Source data
- - -

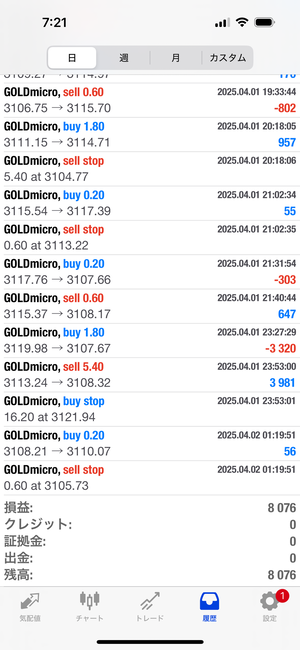 デーモンマイクロ0401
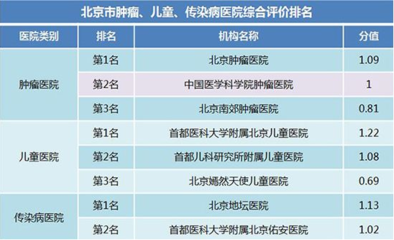 北大肿瘤医院 DRGs落地的“管理MDT”模式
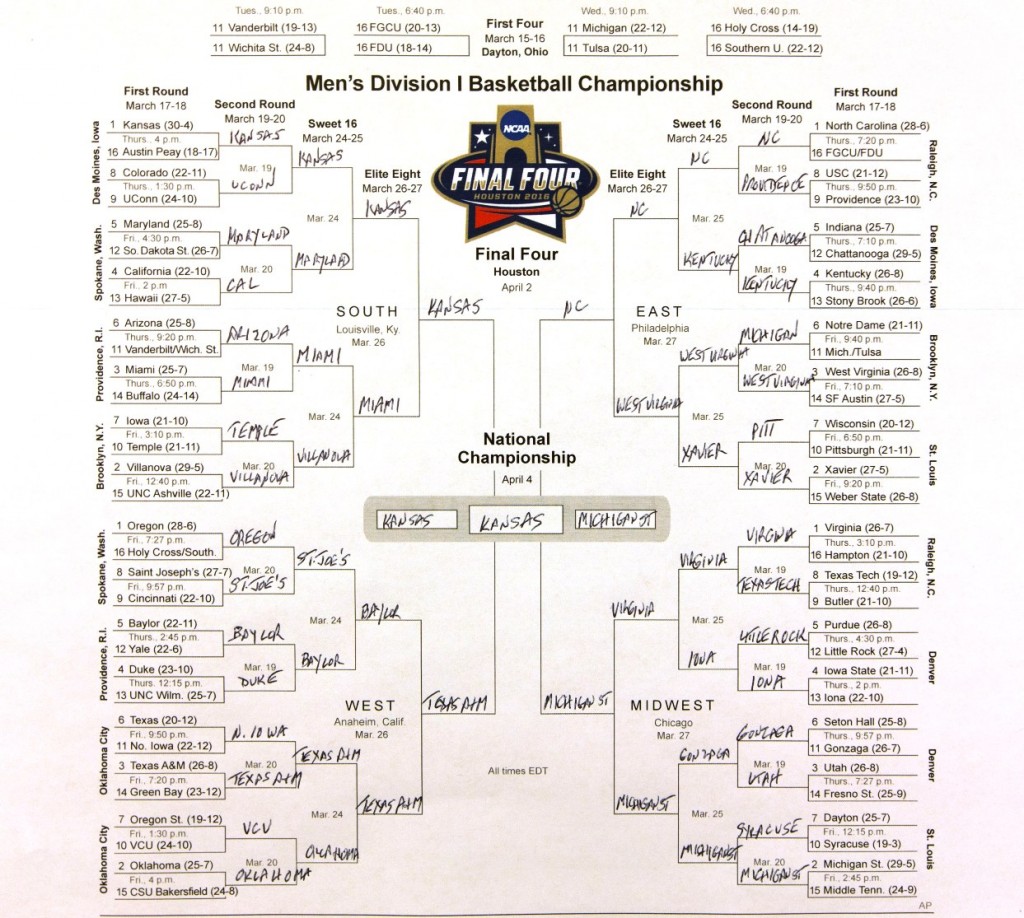 This photo shows the bracket of the NCAA college basketball tournament, taken in New York on Sunday, March 13, 2016. The filled out bracket is one man's opinion on which team is going to advance and find a way to Houston for the Final Four. (AP Photo/Hiro Komae)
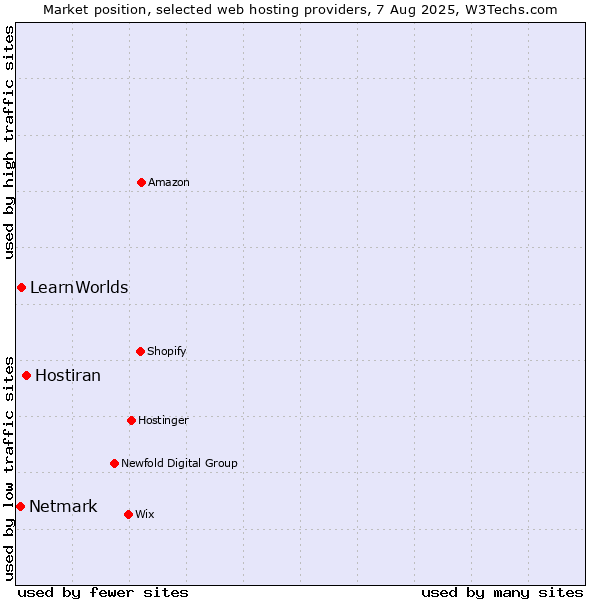 Market position of Hostiran vs. LearnWorlds vs. Netmark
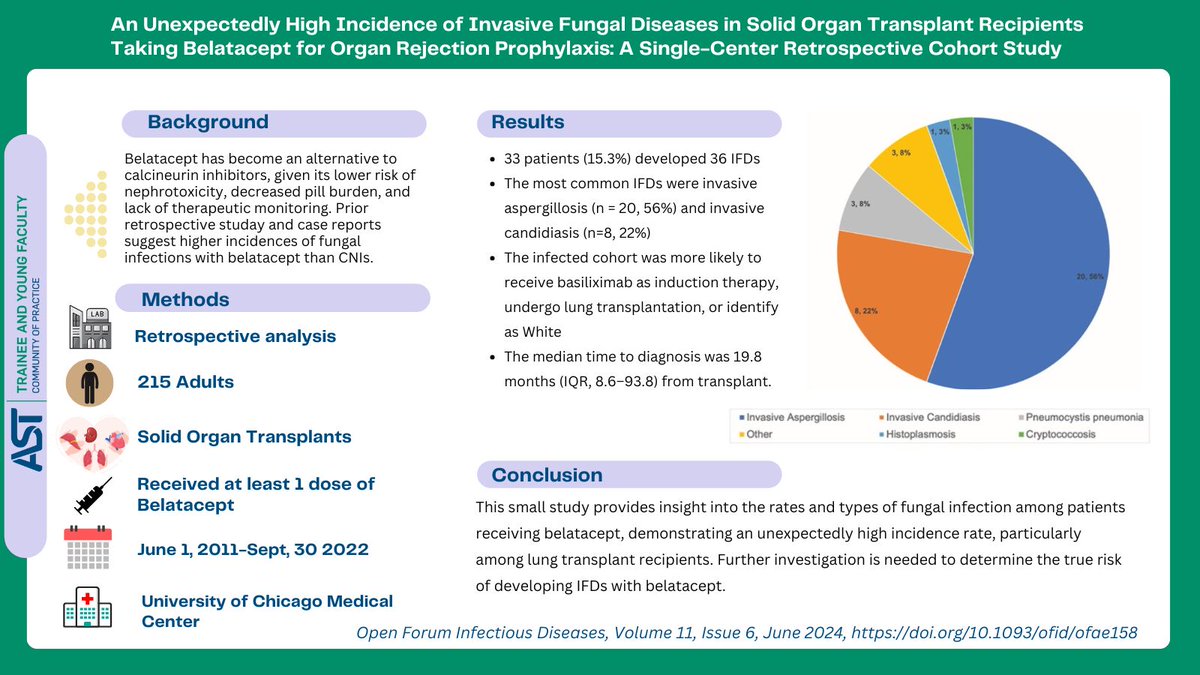 AST Trainee & Young Faculty COP (@ast_tyfcop) on Twitter photo ⚠️Happy to share our first Journal Club in collaboration with <a href="/TransplantIDNet/">transplantid.net</a> <a href="/NicoBarrosID/">Nicolas Barros</a> and <a href="/pascalisID/">Pascalis Vergidis MD, MSc</a>
How often do SOTRs taking Belatacept develop IFI?
➡️ 15.3% developed IFI
➡️Aspergillus (56%) followed by Candidiasis (22%)
➡️ Higher incidence in LTx ⚠️Happy to share our first Journal Club in collaboration with <a href="/TransplantIDNet/">transplantid.net</a> <a href="/NicoBarrosID/">Nicolas Barros</a> and <a href="/pascalisID/">Pascalis Vergidis MD, MSc</a>
How often do SOTRs taking Belatacept develop IFI?
➡️ 15.3% developed IFI
➡️Aspergillus (56%) followed by Candidiasis (22%)
➡️ Higher incidence in LTx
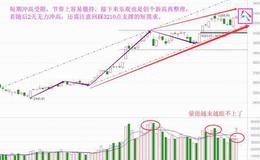 老丁说股：严重分化的市场，也许都是对的（附音频）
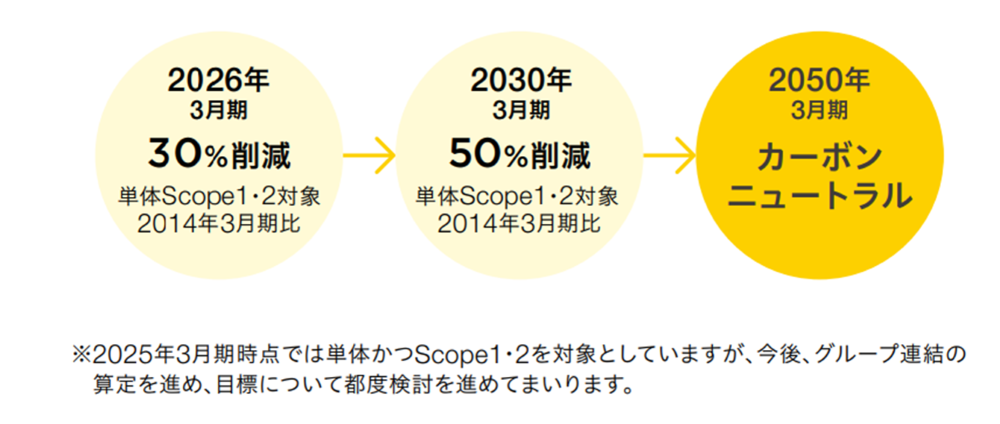 2026年3月期 30%削減 単体Scope1・2対象 2014年3月期比 2030年3月期 50%削減 単体Scope1・2対象 2014年3月期比 2050年3月期 カーボンニュートラル ※2025年3月期時点では単体かつScope1・2を対象としていますが、今後、グループ連結の算定を進め、目標について都度検討を進めてまいります。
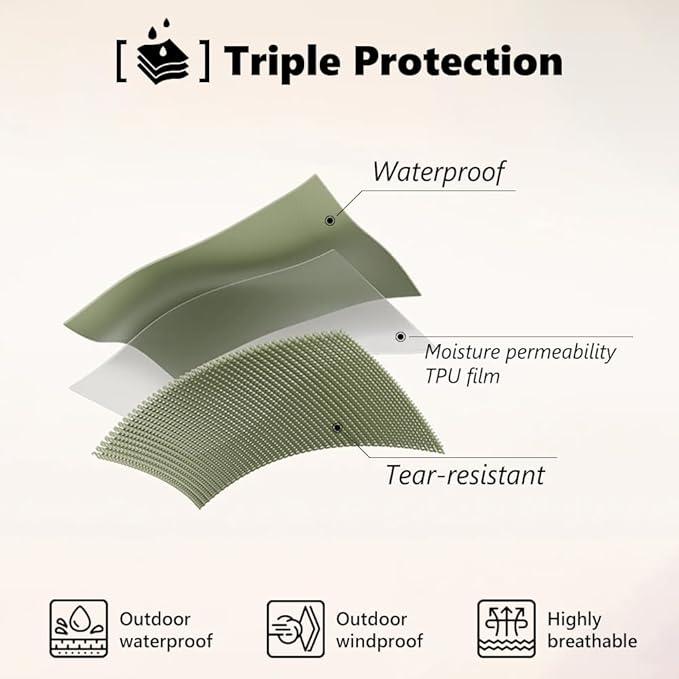Waterproof Dog Raincoat, Hooded Raincoat for Dachshund Whippet Small Medium Large Dogs, Adjustable Dog Rain Coat Jacket (02 (Dachshund 10-16lbs))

- - -

Output the data above verbatim, pictures excluded.

 デーモンマイクロ0401
 北大肿瘤医院 DRGs落地的“管理MDT”模式
 This photo shows the bracket of the NCAA college basketball tournament, taken in New York on Sunday, March 13, 2016. The filled out bracket is one man's opinion on which team is going to advance and find a way to Houston for the Final Four. (AP Photo/Hiro Komae)
 Market position of Hostiran vs. LearnWorlds vs. Netmark
 AST Trainee & Young Faculty COP (@ast_tyfcop) on Twitter photo ⚠️Happy to share our first Journal Club in collaboration with <a href="/TransplantIDNet/">transplantid.net</a> <a href="/NicoBarrosID/">Nicolas Barros</a> and <a href="/pascalisID/">Pascalis Vergidis MD, MSc</a>
How often do SOTRs taking Belatacept develop IFI?
➡️ 15.3% developed IFI
➡️Aspergillus (56%) followed by Candidiasis (22%)
➡️ Higher incidence in LTx ⚠️Happy to share our first Journal Club in collaboration with <a href="/TransplantIDNet/">transplantid.net</a> <a href="/NicoBarrosID/">Nicolas Barros</a> and <a href="/pascalisID/">Pascalis Vergidis MD, MSc</a>
How often do SOTRs taking Belatacept develop IFI?
➡️ 15.3% developed IFI
➡️Aspergillus (56%) followed by Candidiasis (22%)
➡️ Higher incidence in LTx
 老丁说股：严重分化的市场，也许都是对的（附音频）
 2026年3月期 30%削減 単体Scope1・2対象 2014年3月期比 2030年3月期 50%削減 単体Scope1・2対象 2014年3月期比 2050年3月期 カーボンニュートラル ※2025年3月期時点では単体かつScope1・2を対象としていますが、今後、グループ連結の算定を進め、目標について都度検討を進めてまいります。
Waterproof Dog Raincoat, Hooded Raincoat for Dachshund Whippet Small Medium Large Dogs, Adjustable Dog Rain Coat Jacket (02 (Dachshund 10-16lbs))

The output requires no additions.